Zaoralek sharply criticised the article which claimed that the invasion by Warsaw Pact armies and subsequent occupation of the country by Soviet troops prevented a Western coup and that the Czechs should be grateful to Russia.

Zaoralek said his condemnation is the official stance of the Czech government and he told about it to the team that accompanies Zeman in Russia. “I told Zeman’s team to open the issue during the talks in the Russian Federation.

Zeman said previously the 1968 invasion was a crime and Zeman’s opinion has remained unchanged, his spokesman Jiri Ovcacek said in reaction.

A member of the Czech delegation told CTK that the article made Zeman angry. Zeman will use one of the opportunities during his visit to protest against the article, the source said.

On Wednesday, Zeman is to meet Russian Prime Minister Dmitry Medvedev in Gorki near Moscow.

After his meeting with President Vladimir Putin in Sochi on Tuesday, Zeman condemned those who tried to falsify history.

Czech Defence Minister Martin Stropnicky said the statements that appeared on the Russian website about the 1968 Soviet invasion were blatant lies. It is unfortunate that they were released during the visit of the Czech president to Russia, he said.

Other Czech politicians said the article humiliated the Czech Republic.

“Any decent person should leave (Russia) after this. This applies to the 120 entrepreneurs, too,” opposition TOP 09 deputy chairman Marek Zenisek said, referring to the large Czech business delegation accompanying Zeman in Russia.
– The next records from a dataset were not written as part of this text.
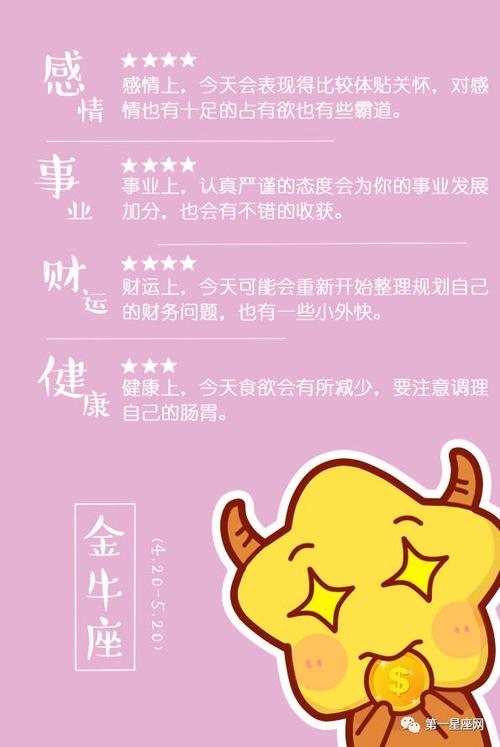金牛为什么不能轻易爱上双鱼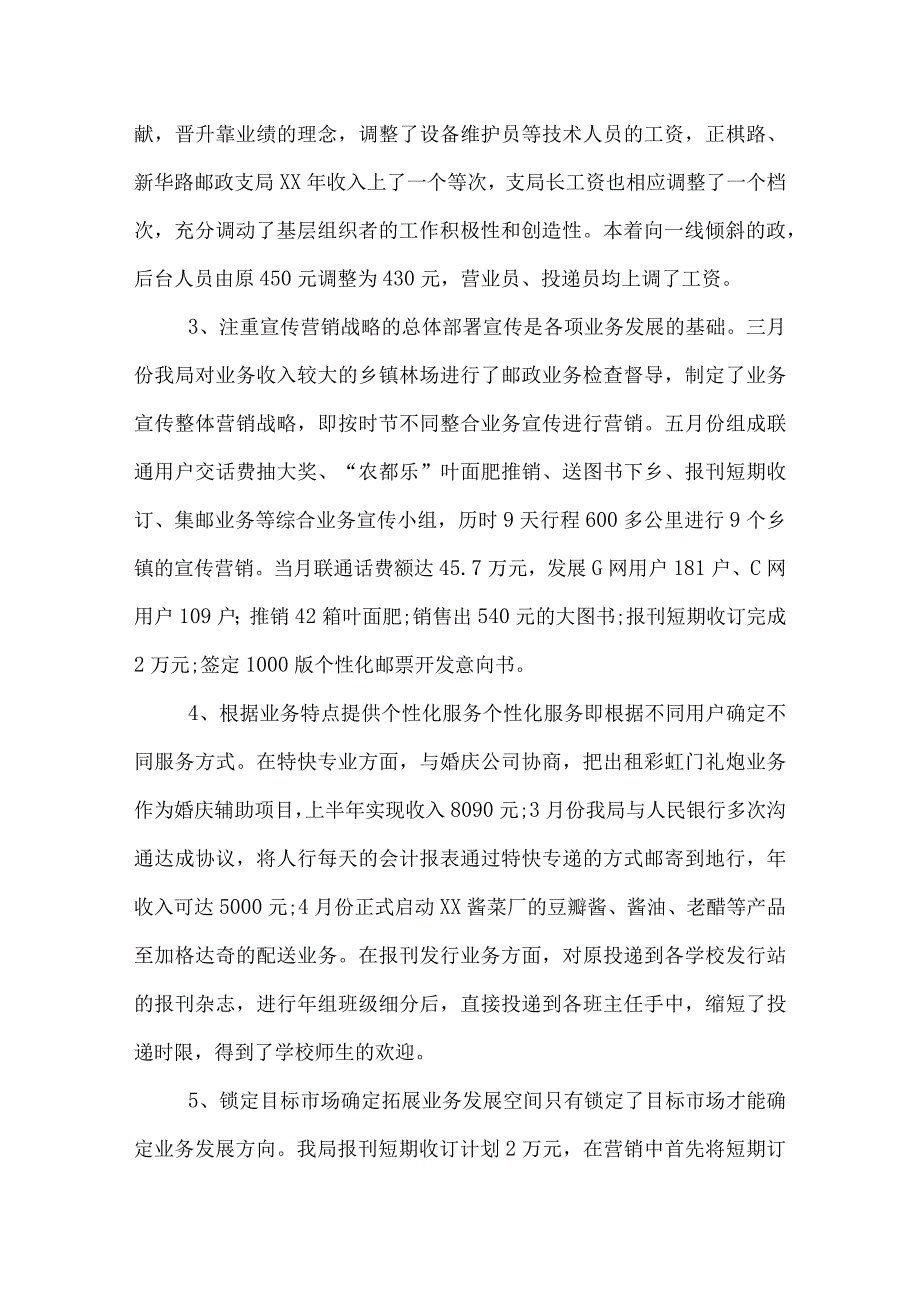 邮政营业员年度工作总结.docx_第3页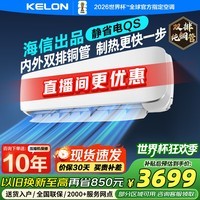 科龙空调大3匹挂机 海信出品 国家补贴 新一级能效变频冷暖静省电以旧换新KFR-72GW/QS1-X1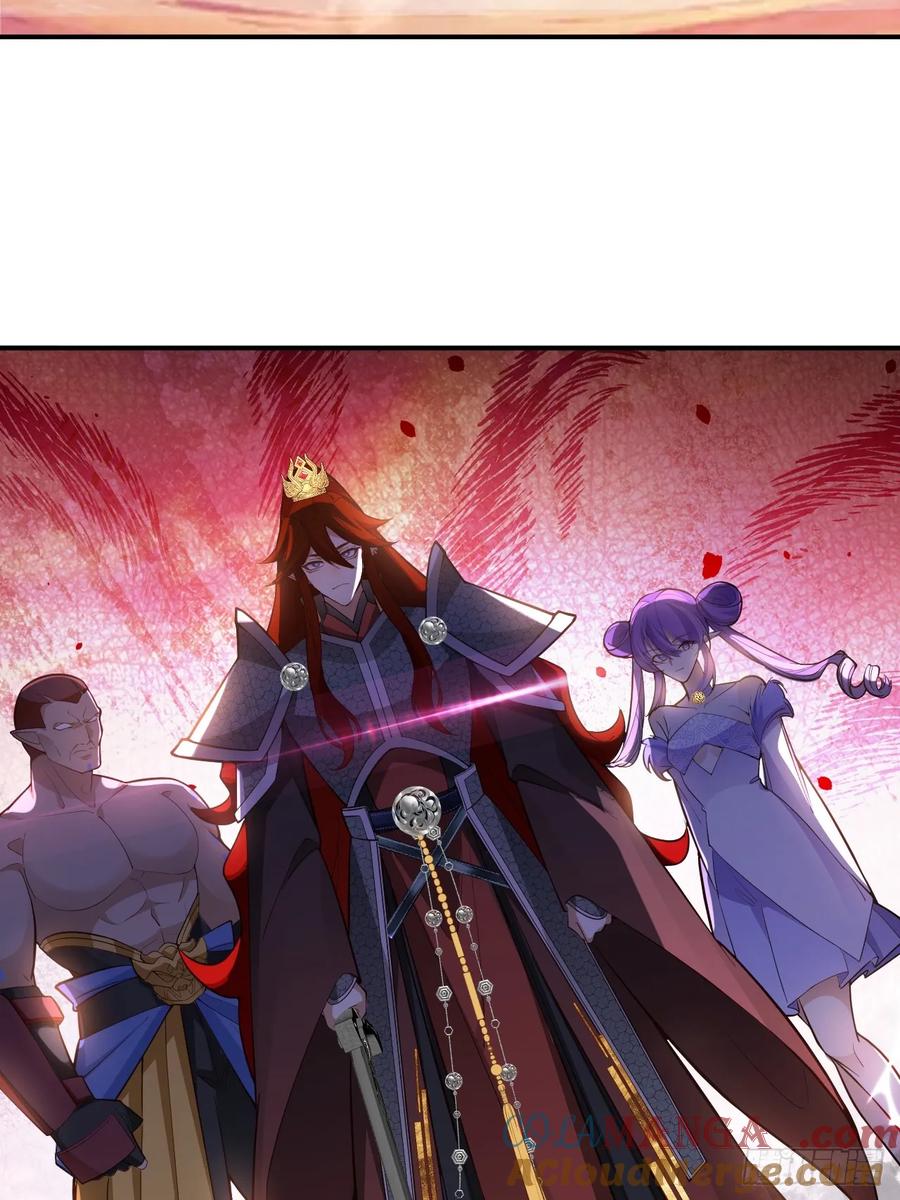 我！天命反派摆成了正道老祖 - 70-御真一上线！ - 第4张图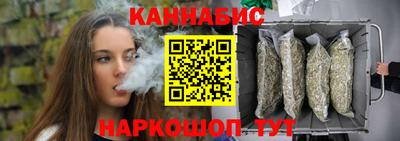 спайс Северобайкальск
Mayors and Independents (centrist opposition STAN) head Petr Gazdik said the article is full of propaganda and it shows the importance of being part of the European democratic states.

“By continuing his visit, Zeman turns the Czech Republic into vassals of Putin’s Russia,” STAN politician Jan Farsky said.

The Soviet-led troops of five Warsaw Pact countries invaded Czechoslovakia on August 21, 1968 to crush the Communist reform movement, known as Prague Spring. As from then Soviet troops permanently stayed at various bases in the country. The last Soviet soldiers were withdrawn from Czechoslovakia in 1991, following the 1989 collapse of the communist regime.

“The entry of the troops into Czechoslovakia (in 1968) prevented the West from accomplishing a coup d’état based on the technologies applied in the ‘velvet’ revolutions and preserved the life in peace for more than 20 years with the consent of all nations of the Warsaw Pact,” writes the author of the article, Leonid Maslovsky, who has a reputation of a reporter trying to rehabilitate the Soviet regime.